The lawsuit’s plaintiffs include Newsline, The Denver Post, Colorado Politics/The Denver Gazette, KDVR Fox 31, Chalkbeat Colorado and KUSA 9News. Each of the news outlets filed a Colorado Open Records Request for the executive session recording and were all denied.

Rachael Johnson, an attorney with the Reporters Committee for Freedom of the Press, and Steve Zansberg, a First Amendment attorney and president of the Colorado Freedom of Information Coalition, are representing the coalition of news outlets. Zansberg said of the Colorado Sunshine Law.

Zansberg said the first issue the complaint addresses is the lack of proper notice regarding what board members would discuss behind closed doors.
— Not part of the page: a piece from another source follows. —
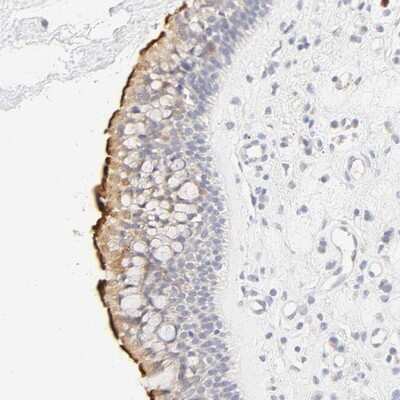 Immunohistochemistry-Paraffin CYP4B1 Antibody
He said Colorado law says that when a public body fails to adequately announce its topic of discussion, the meeting is considered an “unlawfully closed public meeting,” not an executive session.

“They just went behind closed doors and discussed public business,” Zansberg said.

Even if the board properly announced the topics of discussion for a lawful executive session, Zansberg said the fact that board members left the five-hour discussion with a policy change and no public discussion is a blatant vilation of Colorado’s Open Meetings Law.

If there is probable cause to believe that a publicly elected board made a decision in an executive session, a judge will review the recording of the session and determine if this was the case, Zansberg said. Public bodies in Colorado are prohibited from adopting not just new policies, but any position on an issue behind closed doors.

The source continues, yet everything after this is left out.